Which model are you talking about?
post #74 of 215
Quote:
Originally Posted by odigg View Post
Which model are you talking about?
While I was trying to get my PM7200, one of the technicians at Marantz that I spoke off, to find out the main differences between the PM7200 and the upcomming PM7001, one of the points he discussed with me was about the heapdhone jacks. According to him, and he asured me that, the PM7001 has a dedicated circuit behind the jack, while the PM7200 (that I ended getting) had only a resistor network. But the 7200 was Class-A while the 7001 was a current feedback amp...
I do not have schematic, so I could not tell you for sure, but the guy was really knowledgeable, and this was one fo the strongest points of our discussion, as I was really concerned about the quality of the jack as well, as sometimes we get no amp around, due to upgrades and so, and still we could use them.
But after testing the 7200 in Harvey, it was so quiet and clean sounding using the CD3K, even at full volume, that honestly, I did not care a little bit about what was behind it...
BTW many vintage receivers also have that solution and they offer very good sound, the main problem is how good and clean sounding the amp is...
post #75 of 215
Thread Starter 
Quote:
Originally Posted by Sovkiller View Post
According to him, and he asured me that, the PM7001 has a dedicated circuit behind the jack, while the PM7200 (that I ended getting) had only a resistor network. But the 7200 was Class-A while the 7001 was a current feedback amp...
That's good to know. I've heard other reports that the PM7001 has a opamp powered jack.

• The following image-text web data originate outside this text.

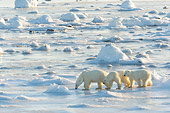 BEA 06 NE0080 01
Polar Bear Mother And Two Cubs Walking On Snow And Ice Hudson Bay Canada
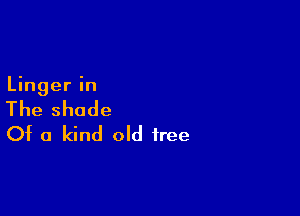 Linger in

The shade

Of a kind old tree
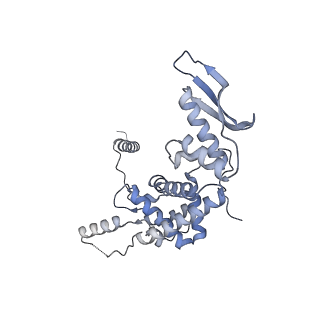 12846_7ods_c_v1-2
State B of the human mitoribosomal large subunit assembly intermediate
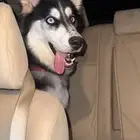 كلب هاسكي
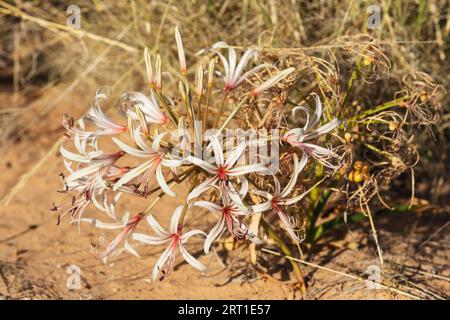 Nerine (Nerine laticoma) . Blooms during the summerly rainy season. Kalahari Desert, Kgalagadi Transfrontier Park, South Africa Stock Photo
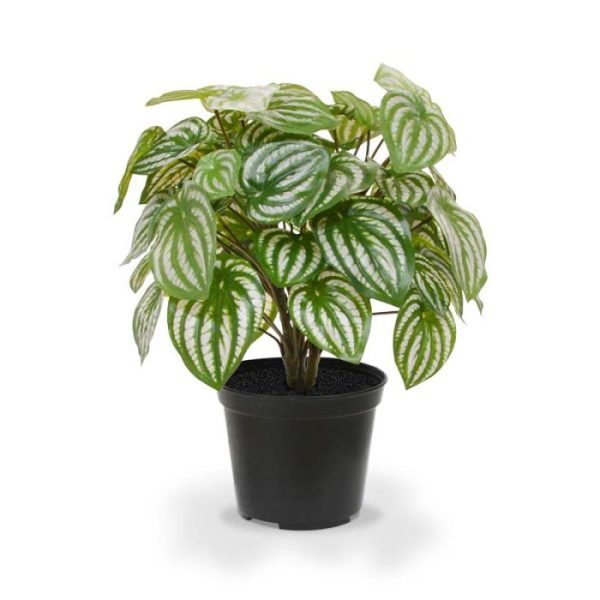 Peperomia-kunstplant-30-cm-in-pot-7 Peperomia kunstplant 30 cm in pot 7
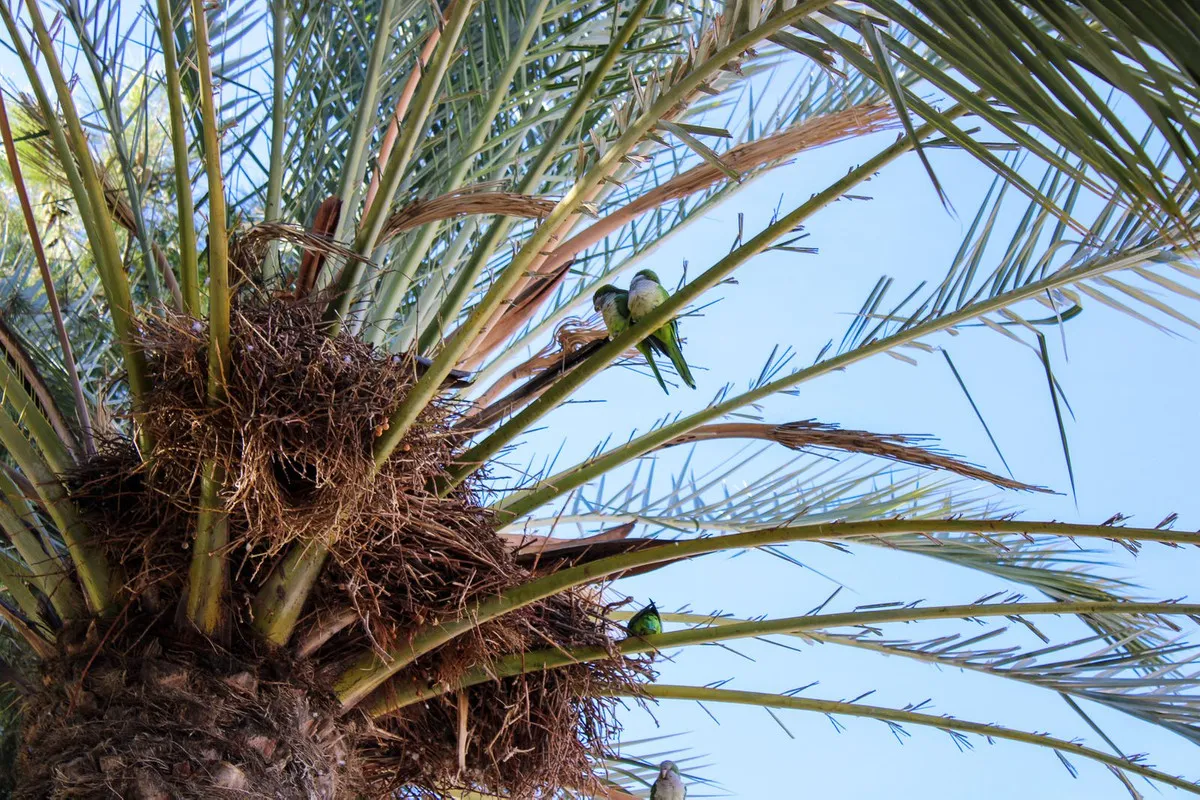 6b84810c-a776-478a-891b-f31ad67bb657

If we exclude the high end amps that can afford to use well implemented headphone opamp circuits, there seem to be a number of current day models that use resistor outs. With that in mind a question would be, why go with the cheap opamp method when a resistors would be cheaper and work better?

Based on other posts in this thread, I suspect that some designs (class D for example) don't easily lend themselves to sharing a ground between speakers (or drivers) and this is why the resistor route does not work. Perhaps there are other amplifier designs that will also sound bad with a resistored off headphone jack.

Which brings me to an interesting experiment. The HK AVR-146 (perhaps all models in the AVR series) use a opamp headphone jack. If somebody was to connect a DIY headphone adapter to the speaker terminals, would it sound bad? Based on my paragraph above I predict it would. Anybody want to try it?